Si vous me demandez mon opinion sur le Code criminel en tant qu'avocat, je vous dirai que, selon moi, l'auto-identification crée bel et bien de l'incertitude. Je pense que si un tribunal devait se pencher sur les modifications qui ne sont axées que sur le Code criminel, il faudrait qu'il mette en place un certain processus objectif. Autrement dit, une personne ne pourrait pas simplement s'auto-identifier sans dire à qui que ce soit ce que cela signifie, puis s'attendre à ce qu'un procureur intente des poursuites en vertu des dispositions pertinentes. Je pense que les tribunaux seraient d'avis que l'auto-identification doit reposer sur des preuves objectives et que, à cause de cette auto-identification, un individu a pris des mesures discriminatoires.

Le sénateur McIntyre : Ce que vous dites s'appliquerait-il aux deux articles du Code criminel — 318 et 718.2 —, qui définissent le principe de détermination de la peine?

M. Chipeur : Je pense que, en l'occurrence, il faudrait d'abord satisfaire au critère concernant l'objectivité avant d'en arriver à la détermination de la peine.

Je pense qu'il est inutile dans ce cas d'utiliser la définition élargie. En d'autres mots, je ne crois pas que cette définition permette d'ajouter quoi que ce soit. Je pense que si on se contentait d'inscrire dans le Code criminel la définition de l'expression « identité de genre » figurant dans certaines lois provinciales relatives aux droits de la personne, il serait tout à fait possible de protéger les personnes contre les crimes de ce genre. Je ne pense pas pouvoir aller au-delà de cela, car il s'agit véritablement d'apporter une certaine objectivité. Comme vous l'avez dit, les procureurs et les tribunaux doivent s'attendre à pouvoir examiner les circonstances d'un crime présumé en toute objectivité. Il ne faut pas que seule la victime soit d'avis qu'il s'agit bel et bien d'un crime.

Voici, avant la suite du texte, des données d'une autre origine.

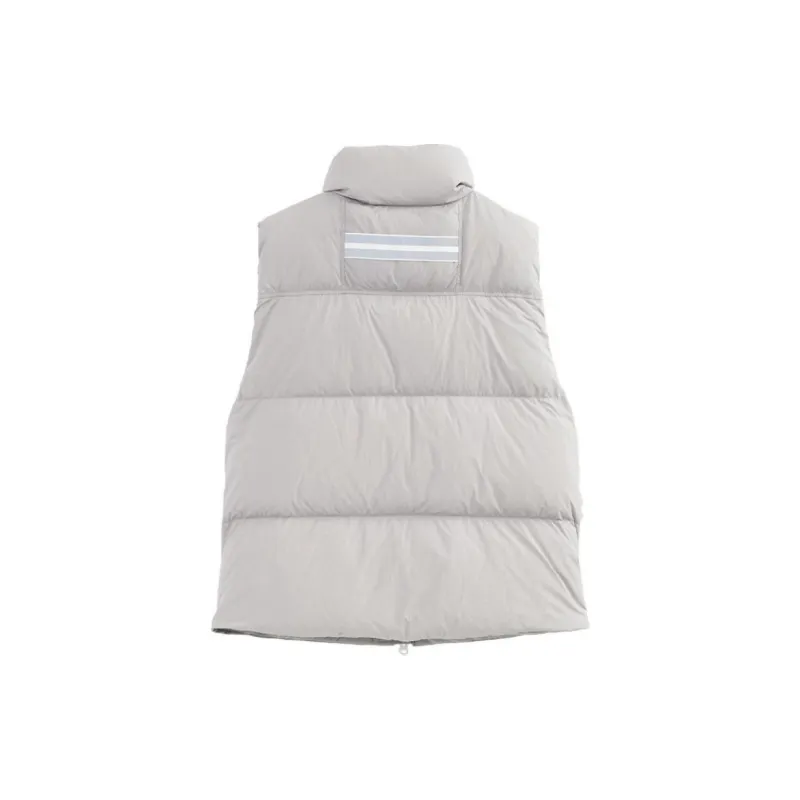 Canada Goose Lawrence Padded Gilet-1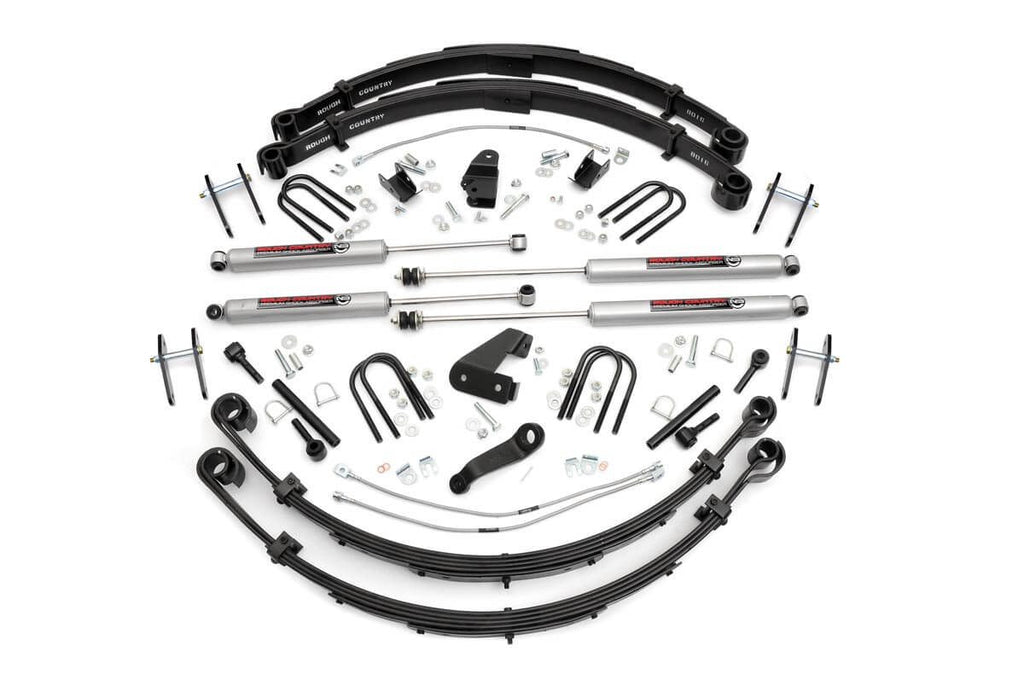 87-96_6in_yj_with_shackles_-_622n2.jpg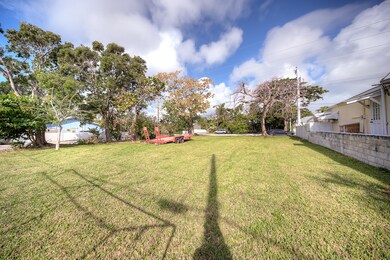 Staples Ave Listings-6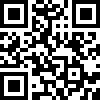 https://qudsonline.ir/x6VxR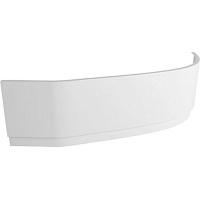 Фронтальная панель Lavinia Boho Complement 170x110 см левая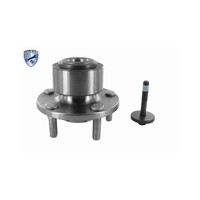 Vaico V95-0258 Radlagersatz FüR CitroËN Volvo, Vorderachse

Les tribunaux ne pourront pas juger qui que ce soit si la victime est la seule personne à avoir l'impression qu'elle a subi un acte criminel.

Le sénateur McIntyre : Tout à fait. Les procureurs ne déposeront pas d'accusations à moins qu'ils pensent être en mesure de prouver la culpabilité hors de tout doute raisonnable.

M. Chipeur : Vous avez raison. Il faut des preuves qui montrent objectivement que l'auteur de l'acte criminel était au courant de cette auto-identification.

Le sénateur McInnis : Merci d'être ici aujourd'hui. Dites-vous que nous devrions maintenir le statu quo ou éclaircir les choses?

M. Chipeur : Nous ne sommes pas venus ici pour vous dire quoi faire. Tout ce que nous disons, c'est que l'étude du projet de loi C-279 est une bonne occasion d'apporter des éclaircissements, non seulement à ce qui est inclus, mais aussi à ce qui est exclu. Nous disons que, dans nos collectivités, certaines personnes s'auto-identifient et qu'il faut habiliter les administrateurs des établissements de santé à prendre les décisions qui s'imposent pour les groupes vulnérables. Nous demandons au Sénat de profiter du fait qu'il est saisi de ce projet de loi pour apporter des éclaircissements, lesquels sont selon nous nécessaires pour que le citoyen moyen puisse comprendre ce qu'il en est de l'alinéa 15(1)g) proposé.

Dans la vie de tous les jours, la plupart des gens n'ont pas en main un exemplaire de la Loi canadienne sur les droits de la personne. Tout ce qu'ils voient, ce sont les grands titres, comme « Personnes transgenres » ou « Protection contre la discrimination fondée sur l'identité de genre ». Nous préférerions que les tribunaux et la Commission des droits de la personne soient informés à l'avance de ce qui est inclus et de ce qui ne l'est pas afin que, en cas de plainte, ils puissent déterminer avec certitude qu'il s'agit d'un établissement qui fournit des soins à des femmes vulnérables. Par conséquent, cet établissement ne serait pas visé par la loi, et la plainte serait rejetée sans qu'il soit nécessaire d'avoir recours aux services d'avocats et d'organiser une audience. C'est tout ce que nous demandons.

Nous croyons que vous avez maintenant l'occasion de fournir un service au public. Vous pouvez apporter des éclaircissements dans un sens comme dans l'autre.

Le sénateur McInnis : Y aurait-il un problème si nous ne faisions pas cela?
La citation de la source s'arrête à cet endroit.